(Recorded data)

□ □ □

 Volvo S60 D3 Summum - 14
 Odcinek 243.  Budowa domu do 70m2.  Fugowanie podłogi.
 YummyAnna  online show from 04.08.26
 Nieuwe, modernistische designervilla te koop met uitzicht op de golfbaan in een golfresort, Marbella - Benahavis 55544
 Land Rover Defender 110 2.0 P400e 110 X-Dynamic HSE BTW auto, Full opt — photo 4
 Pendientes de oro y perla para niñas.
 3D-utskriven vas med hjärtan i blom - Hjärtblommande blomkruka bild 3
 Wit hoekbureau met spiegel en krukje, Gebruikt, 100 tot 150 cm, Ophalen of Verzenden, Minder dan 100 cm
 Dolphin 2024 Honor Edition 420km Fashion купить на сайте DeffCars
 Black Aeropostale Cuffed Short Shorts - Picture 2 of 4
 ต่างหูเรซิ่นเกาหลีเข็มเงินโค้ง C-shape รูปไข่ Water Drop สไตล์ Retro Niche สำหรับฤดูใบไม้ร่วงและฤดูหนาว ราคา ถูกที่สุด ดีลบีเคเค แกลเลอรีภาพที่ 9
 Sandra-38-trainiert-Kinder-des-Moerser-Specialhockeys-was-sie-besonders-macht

□ □ □

● Task to carry out: Starting at the first entry and ending at the last, reproduce each one exactly.

● Response to the exercise:
 Volvo S60 D3 Summum - 14
 Odcinek 243.  Budowa domu do 70m2.  Fugowanie podłogi.
 YummyAnna  online show from 04.08.26
 Nieuwe, modernistische designervilla te koop met uitzicht op de golfbaan in een golfresort, Marbella - Benahavis 55544
 Land Rover Defender 110 2.0 P400e 110 X-Dynamic HSE BTW auto, Full opt — photo 4
 Pendientes de oro y perla para niñas.
 3D-utskriven vas med hjärtan i blom - Hjärtblommande blomkruka bild 3
 Wit hoekbureau met spiegel en krukje, Gebruikt, 100 tot 150 cm, Ophalen of Verzenden, Minder dan 100 cm
 Dolphin 2024 Honor Edition 420km Fashion купить на сайте DeffCars
 Black Aeropostale Cuffed Short Shorts - Picture 2 of 4
 ต่างหูเรซิ่นเกาหลีเข็มเงินโค้ง C-shape รูปไข่ Water Drop สไตล์ Retro Niche สำหรับฤดูใบไม้ร่วงและฤดูหนาว ราคา ถูกที่สุด ดีลบีเคเค แกลเลอรีภาพที่ 9
 Sandra-38-trainiert-Kinder-des-Moerser-Specialhockeys-was-sie-besonders-macht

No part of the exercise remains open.